On the other hand, the approach based on keywords, failed in all cases in which the identification of the dependencies in the complex foods could not be made and thus the relations between the meals and their quantifiers and qualifiers is not accurately established.
5. Conclusions
Virtual nutritional coaches help professional nutritionists to guide and teach users the importance of healthy habits. For this reason, the inclusion of new ways of capturing such habits is an important step further in the health field. Current approaches are mainly based on keyword spotting and lack flexibility, diminishing the possibilities for detailed food records. In this paper, we have proposed a procedure for natural language understanding in the virtual nutritional coaching field based on syntactic and semantic analysis. This mechanism aims to improve the food recording process by giving more flexibility in the linguistic structures allowed in the system. We have defined entities and semantic rules to validate the syntactic structures and designed a procedure to automatically use semantic rules for daily food registration using natural language. We have designed an algorithm with which to perform automatic calculations of nutrients in complex foods using the proposed procedure, which allows to identify intake schedules, quantifiers, containers and the ingredients that make up the meals. The main difference between this mechanism and the processing of keywords is that with keyword processing it is not possible to know which keywords or tokens accompany or complement other keywords in the same sentence, loosing valuable information.
We have implemented a version of the proposed procedure and validated it against human interpretation, comparing the results to the ones obtained by state-of-the-art keyword spotting approaches. The results show that our proposal is more effective and obtains a higher accuracy rate even with complex sentences.

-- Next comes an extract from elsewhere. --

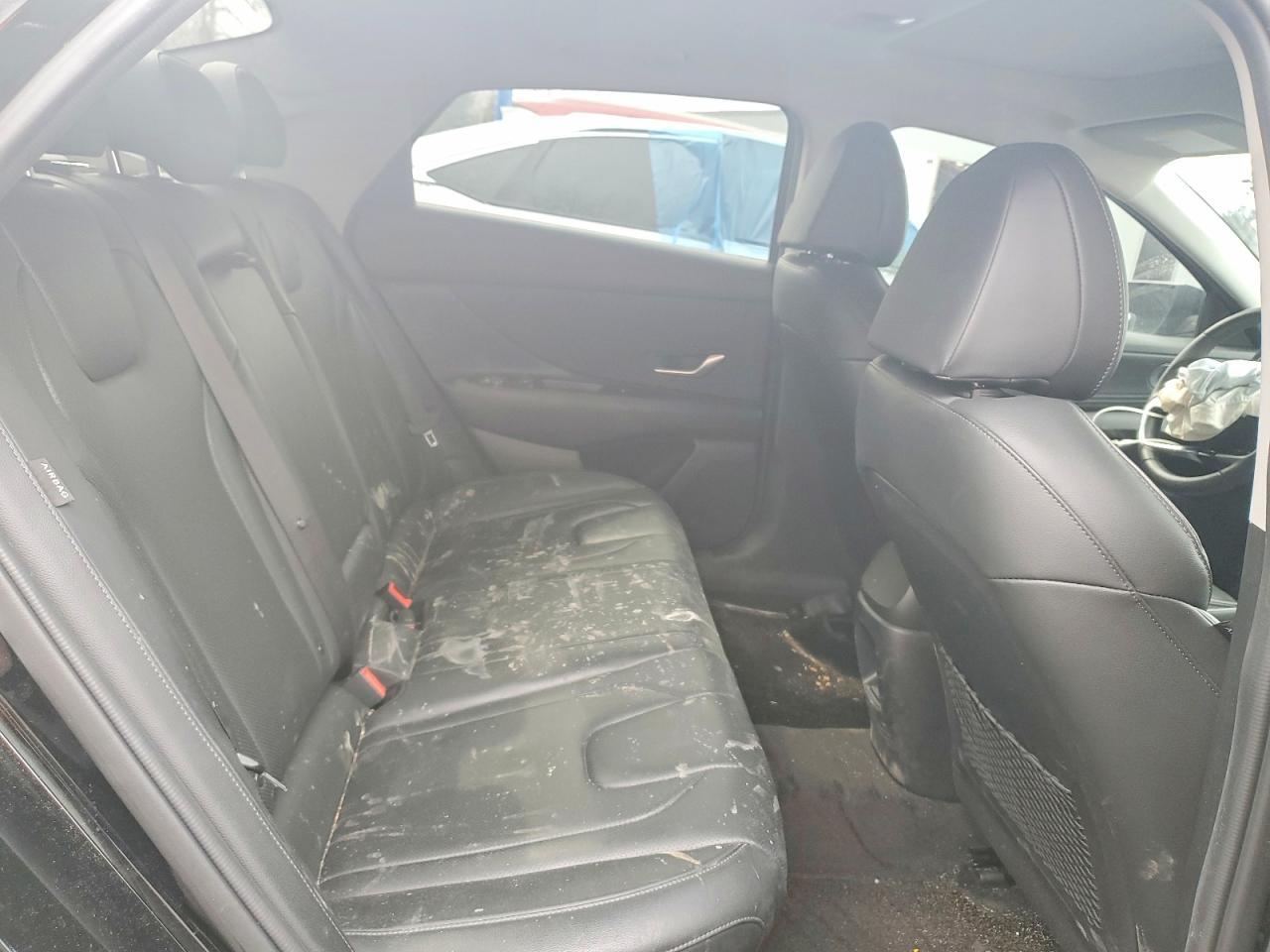 2024 Hyundai Elantra Luxury - zdjęcie 10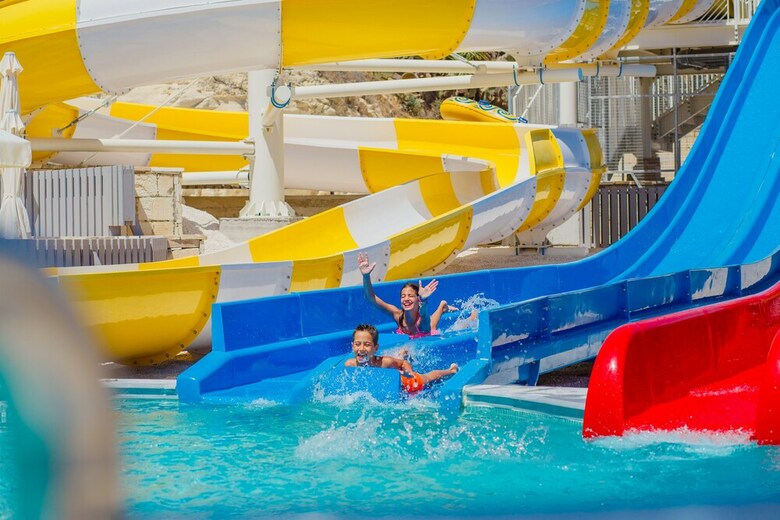 Hotel Louis St Elias Resort & Waterpark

With these advances it is possible to build nutritional coaches with improved natural language understanding capabilities, giving the possibility to the users to describe the ingestions more precisely and obtaining more accurate and detailed nutritional interpretations for the system to provide a more accurate coaching. For future work, we intend to implement a dialogue manager that makes it possible to ask the user for relevant missing elements when the interpretation cannot be completed.